Sentenza di Cassazione Penale Sez. 2 Num. 8939 Anno 2024
Penale Sent. Sez. 2 Num. 8939 Anno 2024
Presidente: COGNOME NOME
Relatore: COGNOME NOME
Data Udienza: 24/11/2023
SENTENZA
sul ricorso proposto da:
COGNOME NOME nata in Romania il DATA_NASCITA
avverso la sentenza del 27/02/2023 della Corte di Appello di Milano visti gli atti, il provvedimento impugnato, il ricorso e le conclusioni delle parti; udita la relazione svolta dal AVV_NOTAIO NOME COGNOME;
lette le conclusioni del Pubblico Ministero, in persona del AVV_NOTAIO generale NOME AVV_NOTAIO, che ha chiesto dichiararsi l’inammissibilità del ricorso;
lette le conclusioni del difensore del ricorrente, AVV_NOTAIO, che ha insistito nei motivi di ricorso e chiesto l’annullamento del provvedimento impugnato.

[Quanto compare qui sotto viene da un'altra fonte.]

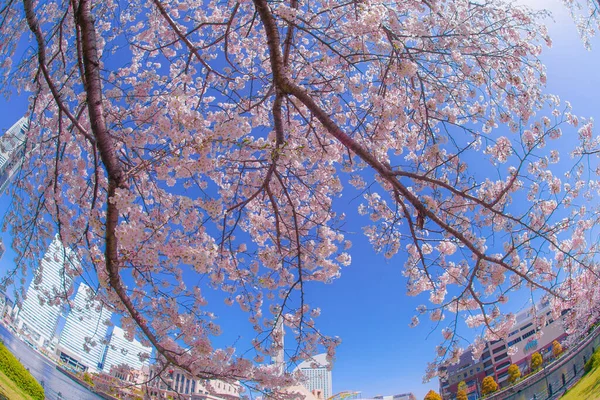 Sakura Und Yokohama Minato Mirai Dächer Voller Blüte — Stockfoto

RITENUTO IN FATTO e CONSIDERATO IN DIRITTO
NOME COGNOME, a mezzo del suo difensore, propone ricorso per cassazione avverso la sentenza del 27 febbraio 2023 con la quale la Corte di Appello di Firenze, ha confermato la sentenza emessa, in data 02 dicembre 2021, con la quale il Tribunale di Milano, l’ha condannata alla pena di mesi 10, giorni 15 di reclusione ed euro 500,00 di multa in relazione al reato continuato di cui agli artt. 633, 639-bis e 635 cod. pen.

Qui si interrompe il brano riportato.